A total of 2 consecutive cohorts of patients who were evaluated and diagnosed at the UCSF Memory and Aging Center were included in this study. The cohorts were comprised of autopsied patients with a diagnosis of FTD spectrum clinical syndrome (n=190) and patients with a primary neuropathologic FTLD diagnosis irrespective of clinical syndromic diagnosis (n=201). Using a cut-off of 65 years, the series were divided by age at symptom onset.
Among patients included in cohort 1 and cohort 2, a total of 48 (25.3%) and 57 (28.4%) patients experienced the onset of symptoms by ≥65 years (late onset), respectively. In cohort 1, overall FTLD-tau and progressive supranuclear palsy (PSP) were more frequent in late-onset FTD vs early-onset FTD (P =.014 and P <.001, respectively). A post-hoc analysis demonstrated a significantly higher frequency of pathologic diagnosis of PSP than of corticobasal degeneration in late-onset vs early-onset corticobasal syndrome (CBS) (P =.002), whereas early-onset CBS demonstrated a significantly higher rate of Alzheimer disease pathologic diagnosis than PSP when compared with late-onset CBS (P =.002).

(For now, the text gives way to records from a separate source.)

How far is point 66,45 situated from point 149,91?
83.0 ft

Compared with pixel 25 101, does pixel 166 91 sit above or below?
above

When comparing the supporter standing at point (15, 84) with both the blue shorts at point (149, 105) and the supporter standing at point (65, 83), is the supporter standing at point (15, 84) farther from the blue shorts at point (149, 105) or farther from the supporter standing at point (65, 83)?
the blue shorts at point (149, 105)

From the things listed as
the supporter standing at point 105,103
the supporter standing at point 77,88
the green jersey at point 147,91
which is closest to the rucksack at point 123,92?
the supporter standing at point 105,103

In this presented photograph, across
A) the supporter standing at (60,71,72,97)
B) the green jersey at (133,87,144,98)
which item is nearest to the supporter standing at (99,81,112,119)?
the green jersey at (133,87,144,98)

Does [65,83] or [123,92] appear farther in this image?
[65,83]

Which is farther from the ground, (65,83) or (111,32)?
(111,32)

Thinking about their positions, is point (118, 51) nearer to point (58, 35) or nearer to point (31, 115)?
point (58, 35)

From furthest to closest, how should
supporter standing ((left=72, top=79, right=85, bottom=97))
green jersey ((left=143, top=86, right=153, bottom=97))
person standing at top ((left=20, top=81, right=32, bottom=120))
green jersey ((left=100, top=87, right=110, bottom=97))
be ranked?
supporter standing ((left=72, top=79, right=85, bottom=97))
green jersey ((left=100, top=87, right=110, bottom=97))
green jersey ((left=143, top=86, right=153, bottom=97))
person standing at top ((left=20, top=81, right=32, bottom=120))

In the second cohort, FTLD with transactive response DNA-binding protein (43 kDa) was more frequent in early-onset FTLD (44.4%) than in late-onset FTLD. Conversely, FTLD-tau was more common in late-onset FTLD than in early-onset FTLD (58.3%). In addition, the antemortem diagnosis of a non-FTD syndrome (eg, Alzheimer disease-type dementia) was more common among patients experiencing late-onset FTLD vs early-onset FTLD in cohort 2 (19.3% vs 7.7%, respectively; P =.017).

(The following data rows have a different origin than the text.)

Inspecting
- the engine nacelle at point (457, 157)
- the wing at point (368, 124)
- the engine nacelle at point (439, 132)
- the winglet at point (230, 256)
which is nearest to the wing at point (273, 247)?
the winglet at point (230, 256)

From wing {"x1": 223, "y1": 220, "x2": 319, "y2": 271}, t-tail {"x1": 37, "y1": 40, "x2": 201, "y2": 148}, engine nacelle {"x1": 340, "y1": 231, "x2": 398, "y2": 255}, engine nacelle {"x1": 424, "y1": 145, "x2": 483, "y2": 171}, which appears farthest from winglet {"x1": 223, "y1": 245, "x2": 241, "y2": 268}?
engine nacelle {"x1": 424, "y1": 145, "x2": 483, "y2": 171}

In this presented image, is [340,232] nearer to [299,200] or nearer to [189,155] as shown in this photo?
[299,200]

In addition, patients with late-onset FTLD often had pathologically diagnosed FTLD that coexisted with other neuropathologic changes. Compared with early-onset FTLD, the investigators observed more frequent cerebral amyloid angiopathy (16.1% vs 37.2%, respectively; P =.004), vascular brain injury (18.7% vs 35.9%, respectively; P =.026), arteriosclerosis (65.9% vs 93.8%, respectively; P =.002), argyrophilic grain disease (28.9% vs 58.6%, respectively; P =.005), and hippocampal sclerosis (0.0% vs 10.5%, respectively; P <.001) in late-onset FTLD.
The small sample sizes within each cohort represents the study's primary limitation. Additionally, archived patient data were not evaluated to the level of completion that newer cases were, which may limit the power of the findings.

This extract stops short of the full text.